▶ Assignment: Pictures stay out of the copy; set down each line of the listing below exactly.

▶ Stored data:

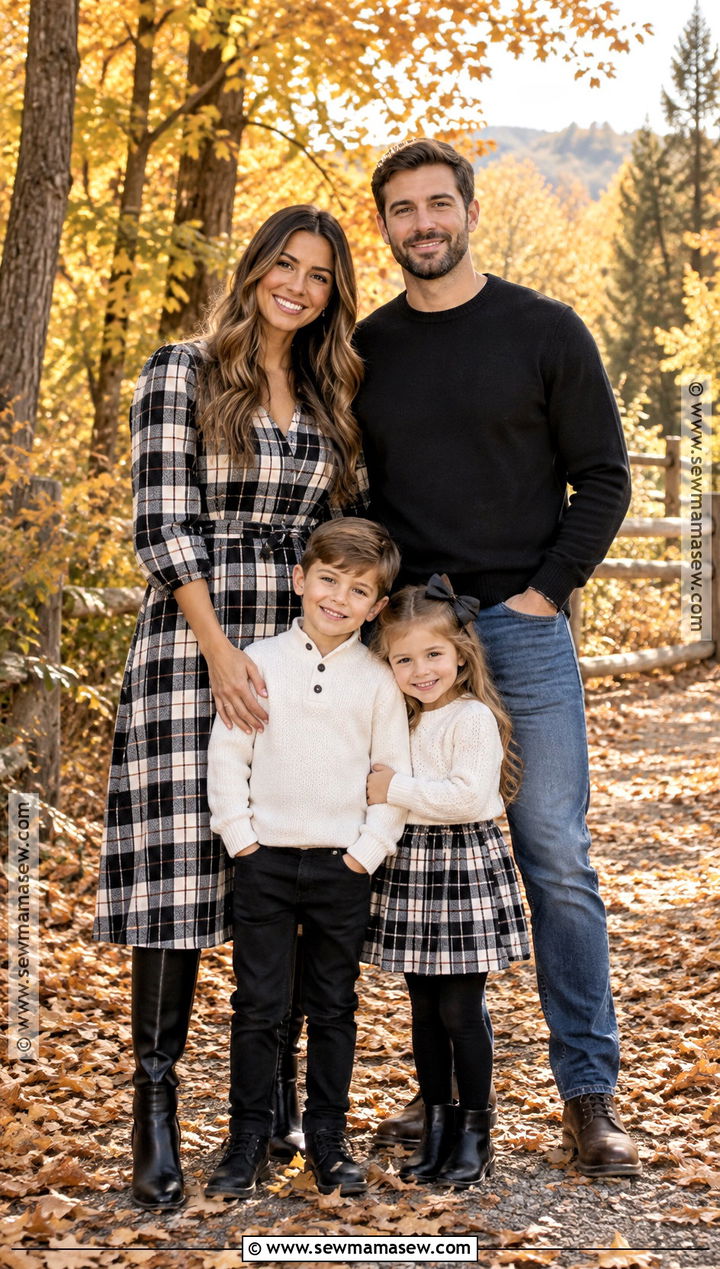 Black And White Plaid Family Outfit - 15 Fall Family Photos Black And White Outfits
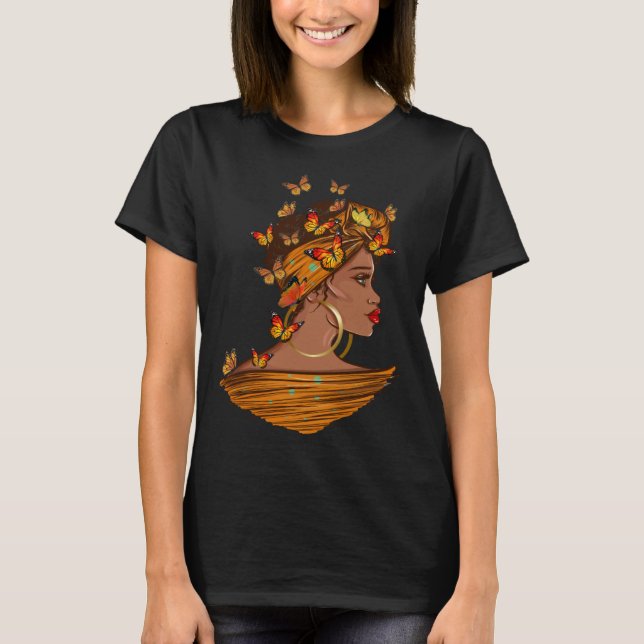 Camiseta Afro African Woman Butterflies Black Queen History (Frente)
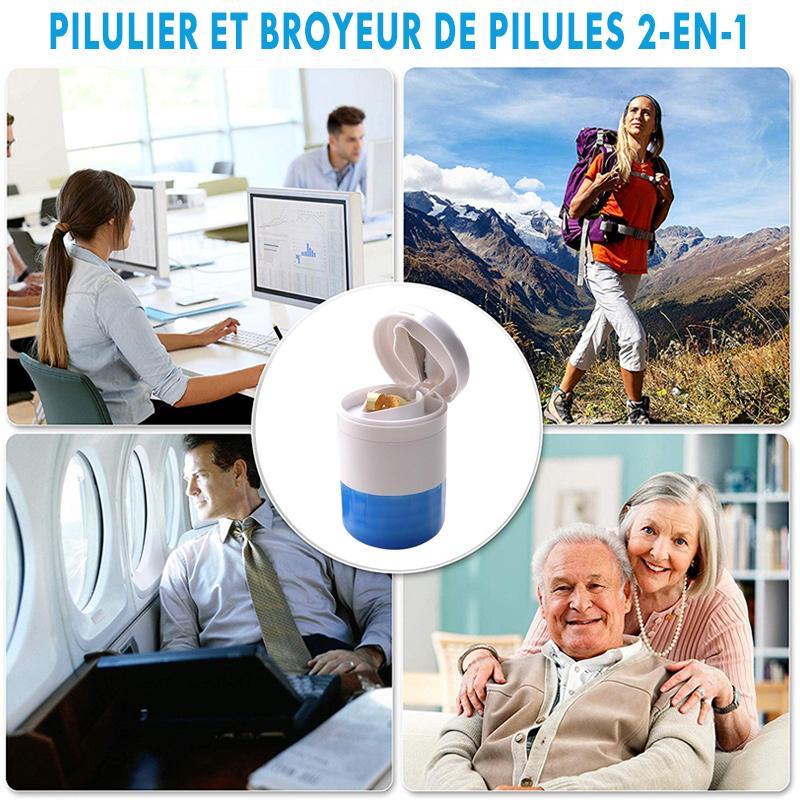 2-en-1 Pilulier et Broyeur de Pilules Multifonctionnel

▶ Result:
 Black And White Plaid Family Outfit - 15 Fall Family Photos Black And White Outfits
 Camiseta Afro African Woman Butterflies Black Queen History (Frente)
 2-en-1 Pilulier et Broyeur de Pilules Multifonctionnel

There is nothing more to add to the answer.